Things immediately go downhill for Rodney. Whilst Del has a successful week and manages to sell all his merchandise, Rodney and Mickey are lumbered with the broken lawnmower engines, which are still stuck in Mickey's garden shed. Del tells Grandad about his own success and they both joke about Rodney's misfortune with the lawnmower engines. According to Del, two nights previously, someone broke into the shed and stole two of the engines, only to return them the next night. Rodney returns home and Grandad asks Del to leave him alone and not discuss the engines.

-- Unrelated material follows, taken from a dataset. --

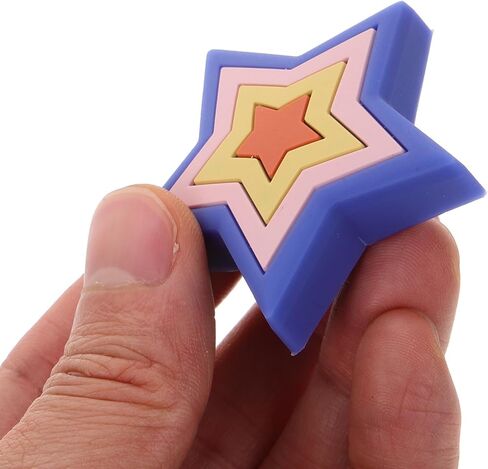 Zerodeko 4pcs Silicone Cabinet Knobs Drawer Pull Handles Cartoon Star-Shaped Wardrobe Handles Soft Impact-Resistant Drawer Pulls for Nursery and ’ Room in Saudi Arabia
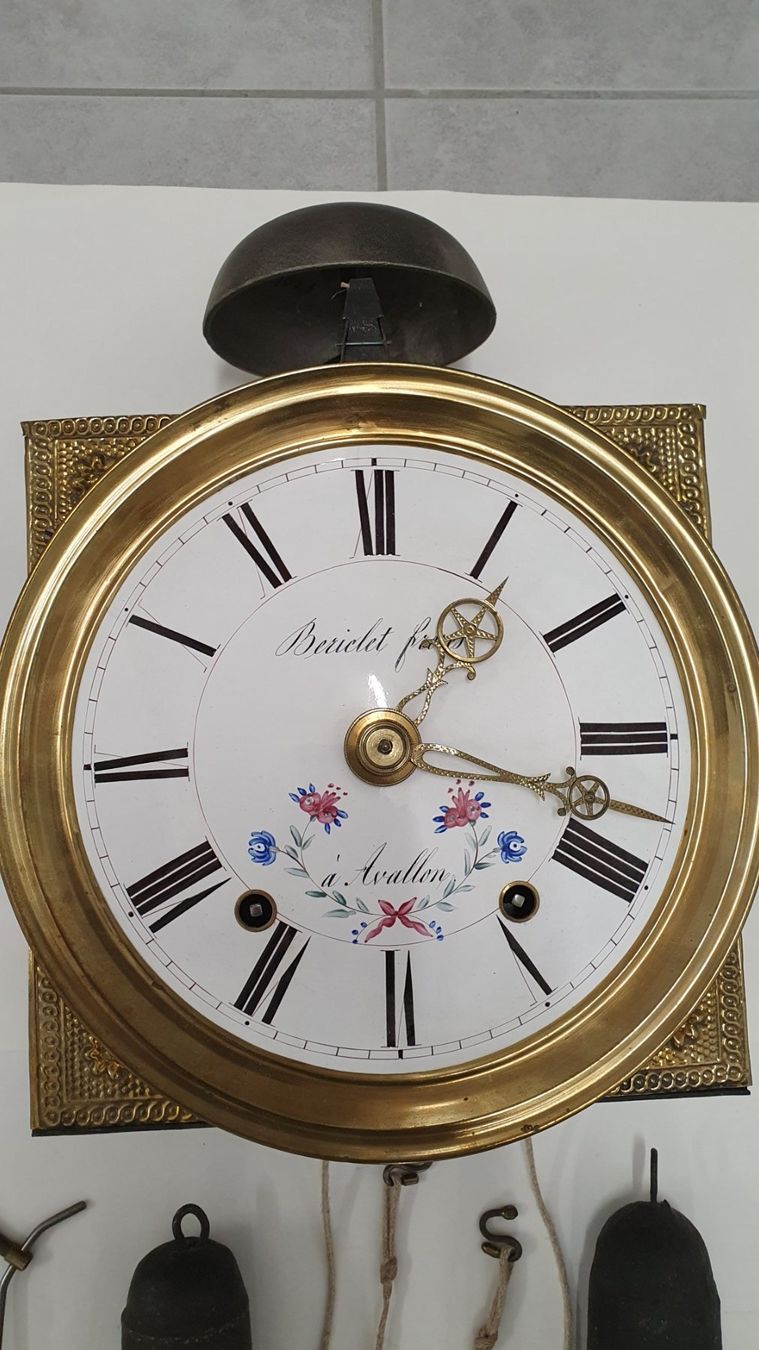Uhren: Antike Comtoise Uhr, Lunette mit Scheiben Pendel – Gebraucht aus Würenlos von juruth 1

Rodney is clearly struggling but is determined to convince Del he is managing perfectly. He claims to have had plenty of clients asking about the engines, and his claims become more exaggerated as Del probes further into his business. Rodney asks for some food but Del refuses, telling Grandad not to cook him anything as he has not paid his housekeeping money. Rodney attempts to persuade him, but he does not budge. Grandad asks how Rodney could be struggling with money when he had the £200 given to him by Del out of their share of the partnership. It soon transpires that Mickey has gone on holiday to Benidorm with the company finances, leaving Rodney with nothing.

Feeling sorry for his brother, Del comes up with a scheme to get Rodney to rejoin Trotters Independent Traders with his pride intact and thinking that he has been successful. He pays another trader, Towser, to buy the lawnmower engines from Rodney for £200, despite having a scrap value of only £20, and to make up a story about a contact in the GLC Parks Department who wants as many engines as he can get. Towser then asks what he should do with the engines, and Del tells him to give them back to Alfie. With Del's plan, Rodney will gain a bit of confidence and realise he would be better off being Del's partner again, and Del will get his money back when Rodney buys back into Trotters Independent Traders.

The next day, at The Nag's Head, Rodney tells Del he liquidated the partnership with Mickey, and proudly tells him that he has sold the lawnmower engines to Towser. Unfortunately, it becomes apparent that Del's plan has not quite worked out, and that Towser only paid Rodney £165 and kept the remaining £35 for himself. Worse still, Rodney has invested all the proceeds in buying another set of lawnmower engines from Alfie Flowers which are, unknown to Rodney, the same ones Towser had just given back to him. He thus asks Del if he can borrow some money, and Del angrily bemoans what a "42 carat plonker" his brother is. Del gives Rodney an elastic band to put around his Gucci to stop the sole coming off.

Episode cast

First appearances
Patrick Murray as Mickey Pearce

Music
John Williams: Jaws theme

Note: In the VHS/DVD versions, John Williams' "Jaws theme" is replaced by a similar-sounding piece of music.